-- Input follows --

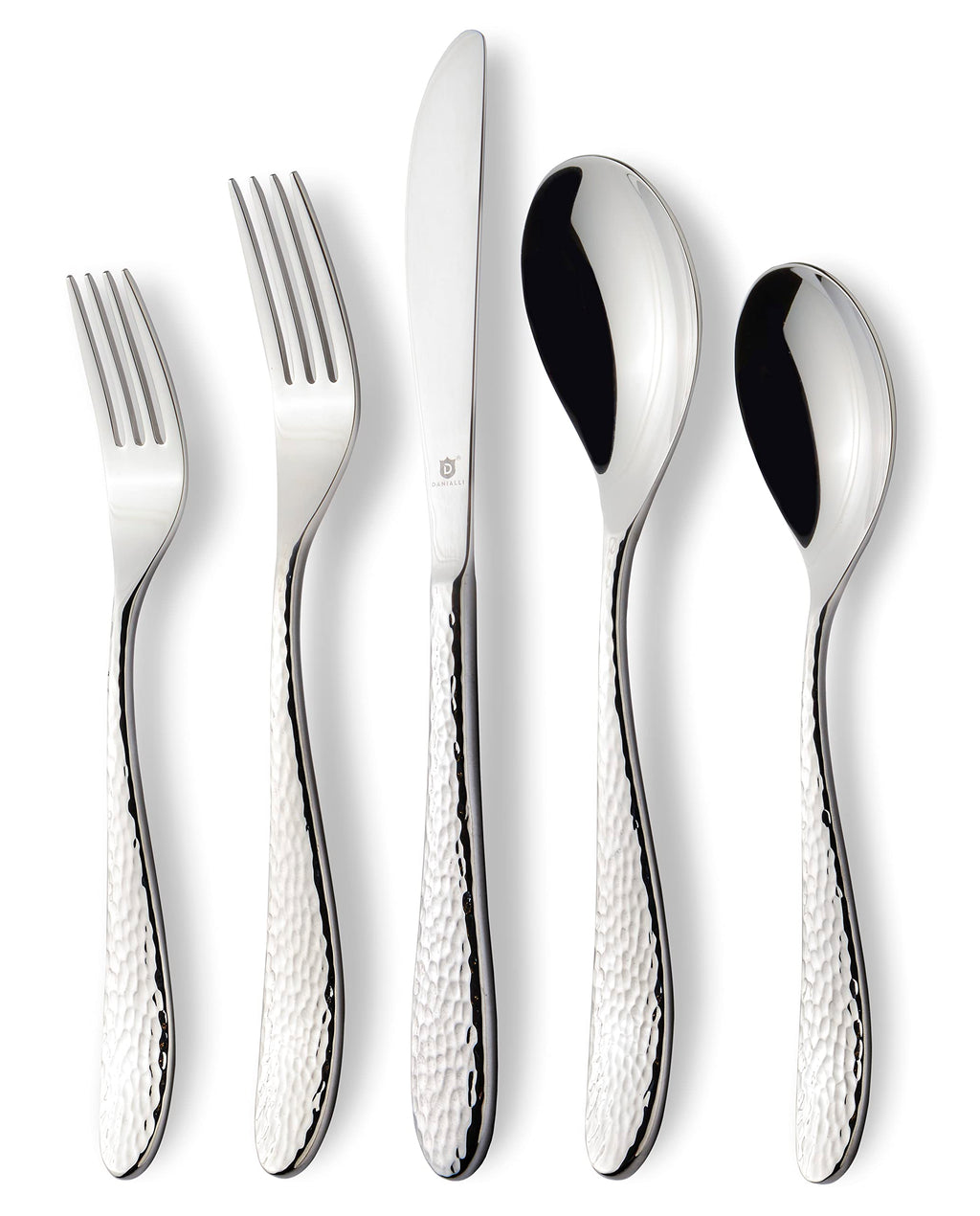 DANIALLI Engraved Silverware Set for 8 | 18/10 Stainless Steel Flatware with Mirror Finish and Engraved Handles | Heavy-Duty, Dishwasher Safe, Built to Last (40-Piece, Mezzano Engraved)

-- Input concluded --
-- Input follows --

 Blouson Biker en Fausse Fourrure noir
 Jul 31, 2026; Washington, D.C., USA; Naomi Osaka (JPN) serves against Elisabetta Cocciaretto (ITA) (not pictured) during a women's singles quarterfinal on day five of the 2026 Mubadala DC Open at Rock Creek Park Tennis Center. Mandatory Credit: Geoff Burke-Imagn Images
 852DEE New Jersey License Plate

-- Input concluded --
-- Input follows --

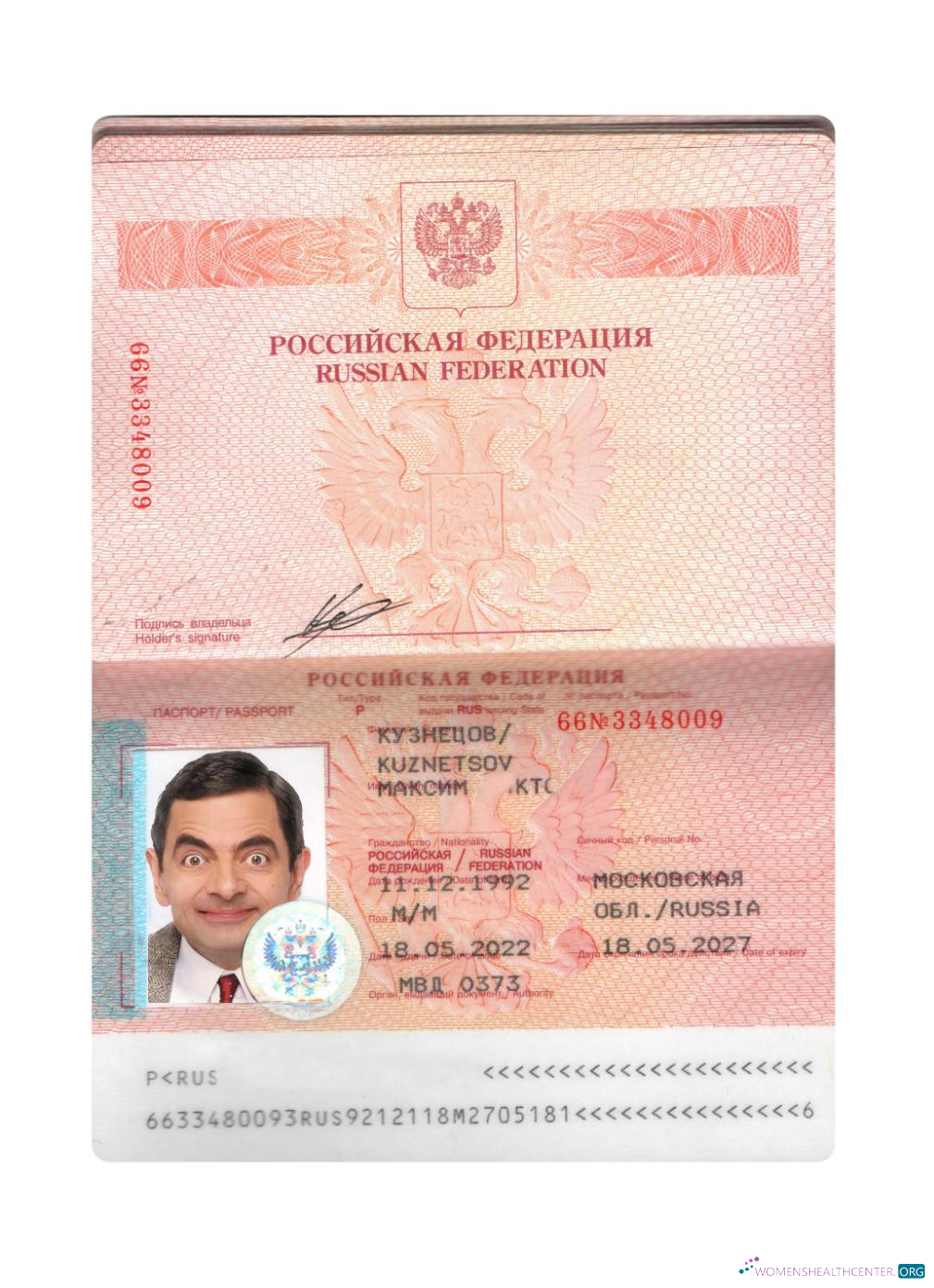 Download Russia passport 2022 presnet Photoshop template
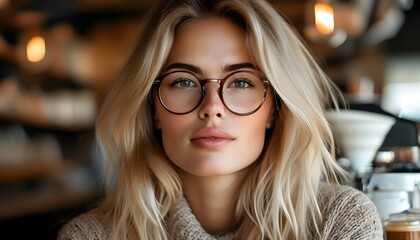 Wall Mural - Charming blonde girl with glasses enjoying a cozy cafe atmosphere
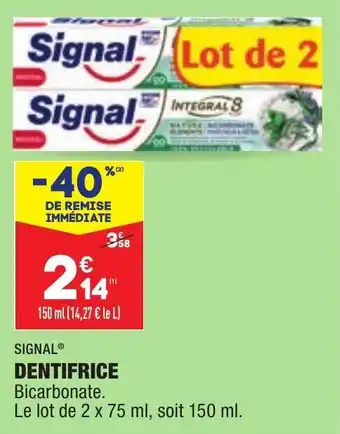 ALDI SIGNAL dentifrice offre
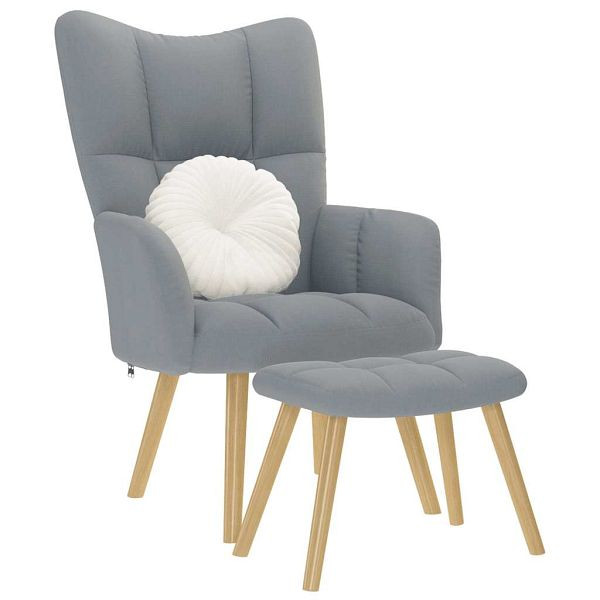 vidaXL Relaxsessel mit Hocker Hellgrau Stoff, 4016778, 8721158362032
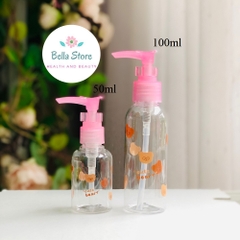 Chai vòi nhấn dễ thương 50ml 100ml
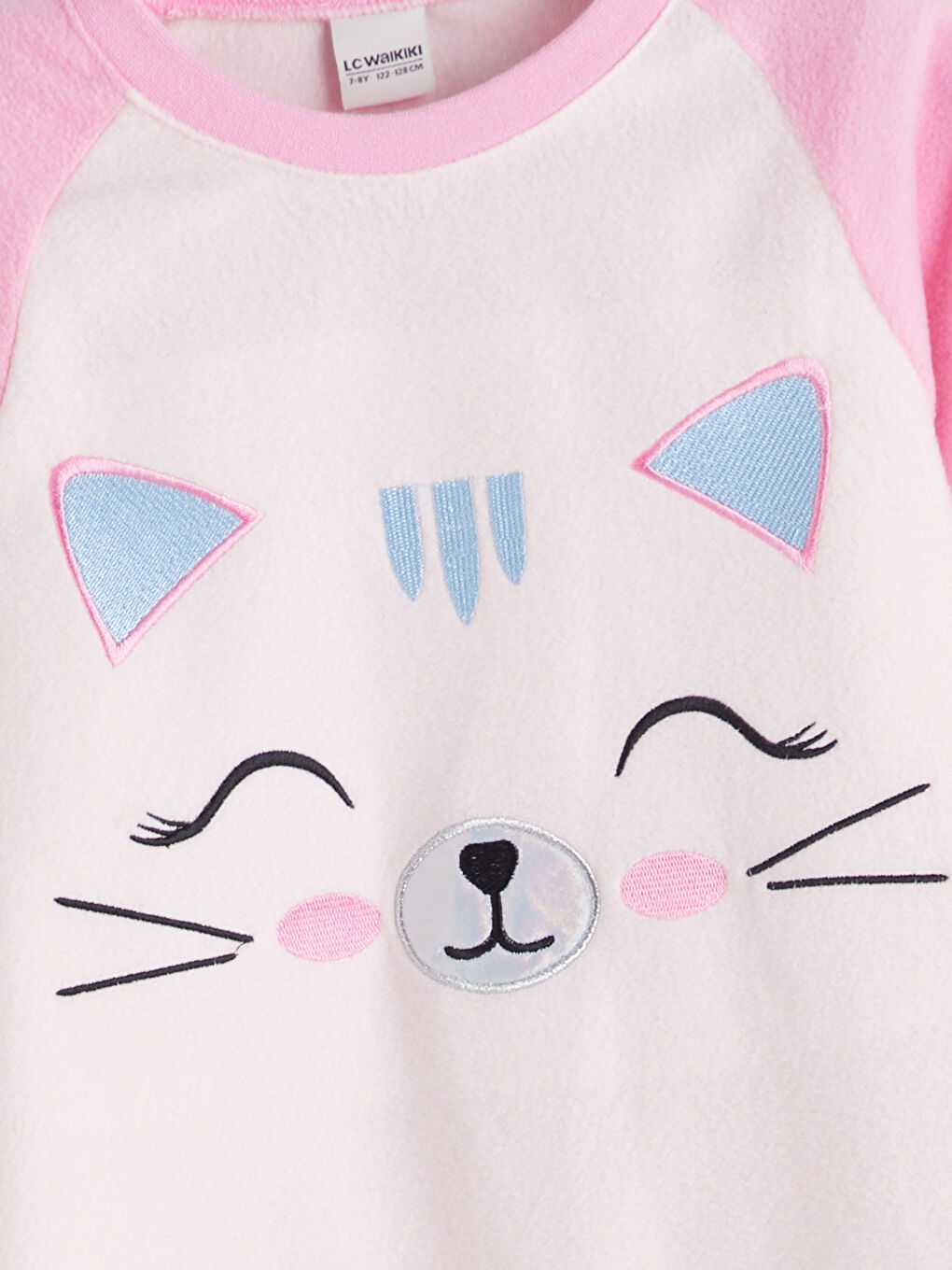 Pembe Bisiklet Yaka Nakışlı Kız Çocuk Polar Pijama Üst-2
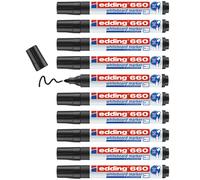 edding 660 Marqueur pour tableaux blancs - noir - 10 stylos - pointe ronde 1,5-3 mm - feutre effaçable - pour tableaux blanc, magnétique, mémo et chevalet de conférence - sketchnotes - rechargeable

-- Input concluded --

What is required: Quote the lines above exactly, starting with the one that has "Pembe Bisiklet Yaka" and ending with the one that has "edding 660 Marqueur"; drop the pictures and include nothing else.

Answer to this task:
 Pembe Bisiklet Yaka Nakışlı Kız Çocuk Polar Pijama Üst-2
 edding 660 Marqueur pour tableaux blancs - noir - 10 stylos - pointe ronde 1,5-3 mm - feutre effaçable - pour tableaux blanc, magnétique, mémo et chevalet de conférence - sketchnotes - rechargeable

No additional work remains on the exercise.